But there’s an old saying that applies to this new technology: the dark side of helping is control. And when it comes to keeping us glued to our screens, that control is engineered to a degree that few of us understand.
Take the infinite scroll, for example. It was first designed to help you navigate web pages. Instead of having to click to the next page of an article, the infinite scroll let you see the whole article on the same page with the smooth swipe of a finger.
Helpful, right? Sure, until software companies realized how rich they could get by manipulating your brain to keep you scrolling for hours. The explanation in this fascinating video comes in part from Aza Raskin, who created the feature.

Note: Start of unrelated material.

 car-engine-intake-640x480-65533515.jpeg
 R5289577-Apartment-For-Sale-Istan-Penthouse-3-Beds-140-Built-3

And if you’re still wondering why your teenager can’t pull themselves away from their screen, it helps to understand that they’ve been hooked by something called ‘random intermittent reward.’ It’s a carefully designed strategy that provides digital rewards just often enough to keep you seeking more.
Neuroscientist Andrew Huberman explains it well in this short video, especially when he likens our screen fixation to an animal obsessively digging in the corner for a bone. “We’d think that animal is sick,” Huberman says. “You’d think, ‘That’s really sad.’ That’s us.”
It’s an image to keep in mind next time you’re bewitched by your screen, scrolling for hours on end. There’s no magic keeping you there. Instead, it’s a very lucrative economy built on getting and keeping your attention. Until you know some of the tricks up their sleeve, you can’t even begin to break the spell.